A taste of the future: Double amputee controls two bionic arms at the same time
Colorado resident Les Baugh has become the newest face of bionic technology, as researchers from Johns Hopkins have fitted him with two cutting edge bionic limbs under direct control from his brain. Not only is this a major evolution for modern prosthetics, but it’s also managed to capture the imaginations of millions because it, first of all, looks really cool, and second, because it clearly illustrates the equivalence of biology and tech. The sight of the man fitted with two Modular Prosthetic Limbs (MPLs) really drives the point home: we are well on our way to the sort of bionics that powerfully challenge our concept of humanity.
Whether you want to move an arm fashioned out of stem cells or carbon fiber, you always start the same way. First comes the storm of neural activity associated with a particular action, and this pattern is recognized by a tiered network of either neurons or electrodes, then funneled off to the appropriate destination. Most amputees will need to use the electrode method, but Baugh was lucky enough to have some living nerve tissue left over in his shoulders.
Using a technique called targeted reinnervation, the researchers let his brain do the signal recognition and propagation itself, picking up the muscle orders in the shoulder, where they’ve redirected the nerves onto an unused remnant of arm muscle. The only real difference between doing this and using cranial electrodes is that Baugh’s digital hop is only shoulder-to-arm, rather than brain-to-arm, and it’s also easier to read motor signals once the body has already ferried them away from the noisy old brain.
Regardless, once a motor signal arrives in either chemical or digital form, the intention stimulates either motor proteins in muscles or electric motors in bionic limbs, and thus movement is achieved. Assuming we numbed out your real arm so you couldn’t feel any feedback, there is functionally very little difference between bionic and biological movement. The John Hopkins team has demonstrated not only how advanced their MPLs really are, but that a user can control two of them at the same time — there was never really any doubt that the technology could be twinned, but Baugh has proven that people can adapt to the challenge relatively quickly.
Of course, even Johns Hopkins’ incredible modular arms are still only just barely on their way to the final goals of bionics, as there’s a huge gap between the control fidelity we can currently get from electrodes and motors versus an evolved nervous system. Both the hardware and software side of reading neural signals, and the electrodes that provide the info and the algorithms that interpret it, must improve for that gap to close.
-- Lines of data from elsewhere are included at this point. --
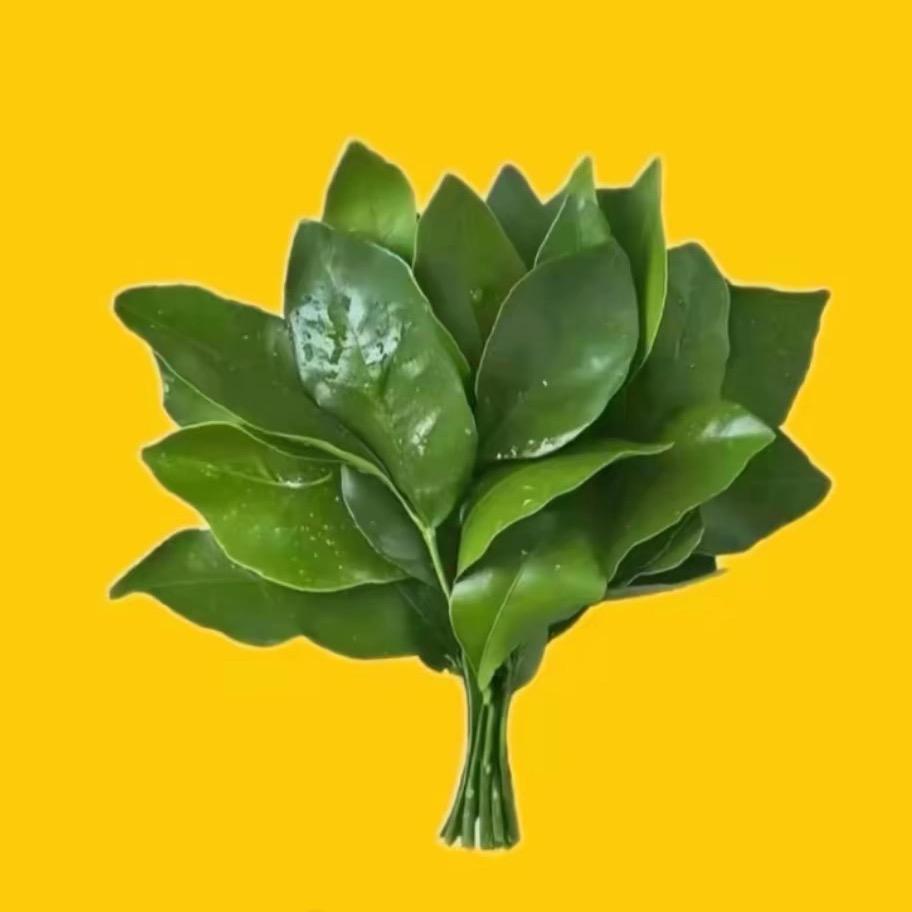 吃了可可爱爱
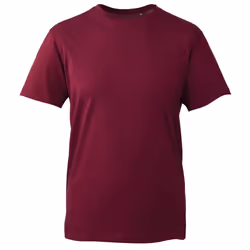 Anthem Mens Organic T-Shirt - XS, Burgundy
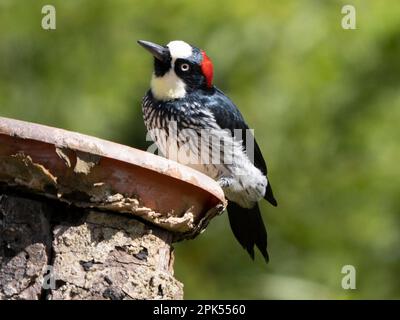 Acorn woodpecker (Melanerpes formicivorus) in Savegre, Costa Rica Stock Photo
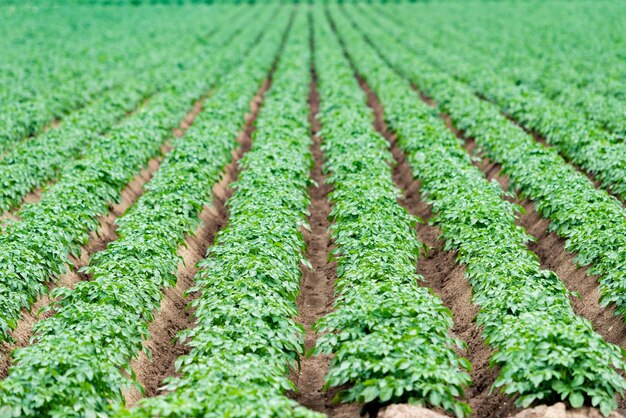 Photo scenic view of corn field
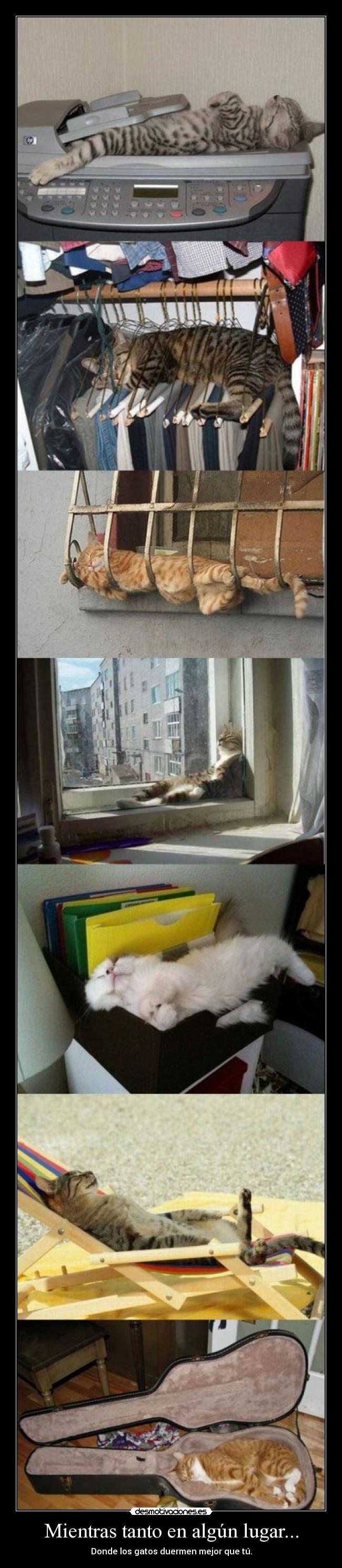 Mientras tanto en algún lugar... - 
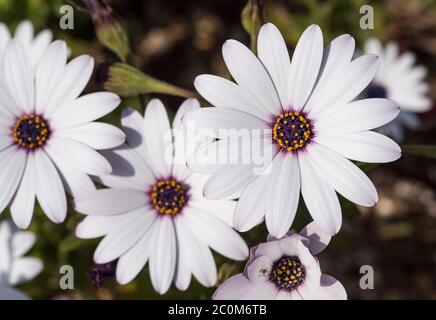 Osteospermum 'Soprano White' (Afrikanische Gänseblümchen) beherbergt eine grüne Blattlaus und 2 kleine Jungen. Stockfoto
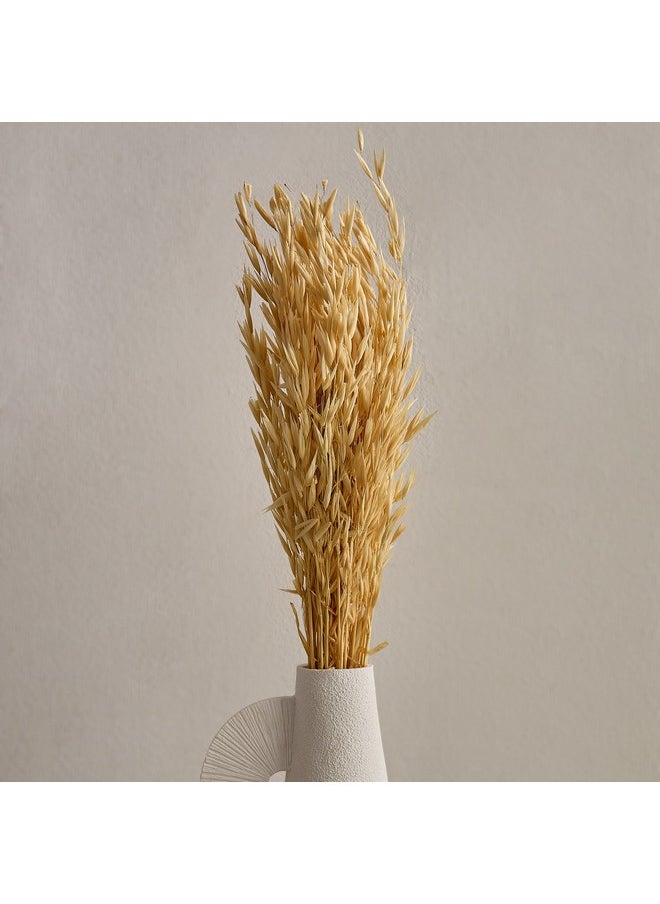 Home Box Seyna Misc Stock Hawana Grass 10 x 60 x 2 x cm  - Image 1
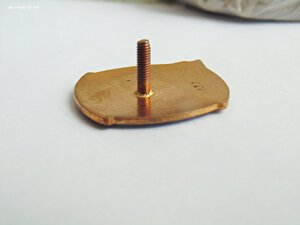 Участник антарктической экспедиции №133
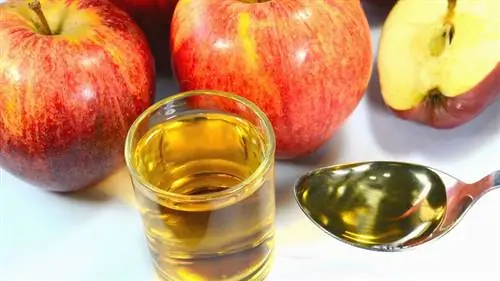 яблочный уксус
At present, Baugh must select each specific joint he wants to move one by one, which means that to grab an object he still has to first move his shoulder to the correct angle, then the elbow, then the wrist, then the fingers.
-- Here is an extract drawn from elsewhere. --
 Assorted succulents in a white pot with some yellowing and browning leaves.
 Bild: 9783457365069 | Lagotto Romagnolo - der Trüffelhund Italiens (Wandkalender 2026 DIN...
To replace the full function of a limb, you’d need to be able to control at least a dozen muscles simultaneously and independently. Scientists are pursuing that goal rabidly, already thinking about the design of next-next-generation limbs, though we’ve only just entered what could be called the plain old next generation. The John Hopkins researchers have big hopes for the future, saying that their work foreshadows a bionic arm dexterous enough to play the piano. The limbs already weigh about as much as a real arm, and the team even wants to cover it in a skin-like material so it doesn’t stick out in public. This isn’t yet planned to be the sort of sensing bionic skin currently in development at other labs around the world, but there’s no reason the two technologies couldn’t someday work together.
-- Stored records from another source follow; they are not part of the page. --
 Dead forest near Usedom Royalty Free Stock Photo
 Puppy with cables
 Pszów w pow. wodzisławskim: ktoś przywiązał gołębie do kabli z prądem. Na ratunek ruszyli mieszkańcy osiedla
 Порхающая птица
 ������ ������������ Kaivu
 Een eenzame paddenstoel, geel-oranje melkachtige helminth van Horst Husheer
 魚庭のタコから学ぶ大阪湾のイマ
When you watch someone stare intently at a single bionic prosthetic limb as they slowly inch it towards a coffee mug, I think some of the impact of the awesome technology is lost — and it’s also hard to imagine living life with just a single, fairly clumsy bionic hand. But two arms, controlled in concert by a man with only modest experience using them, shows more visibly that bionic limbs can eventually be controlled a lot like the regular kind — without even really meaning to. In the video above, what’s incredible is not his success in dexterity tests, but what seem to be the occasional, primitive gesticulation in tandem with his speech. That sort of integration with thought rather than just physical intention, is the distinction between a robot helper arm and an actual limb replacement.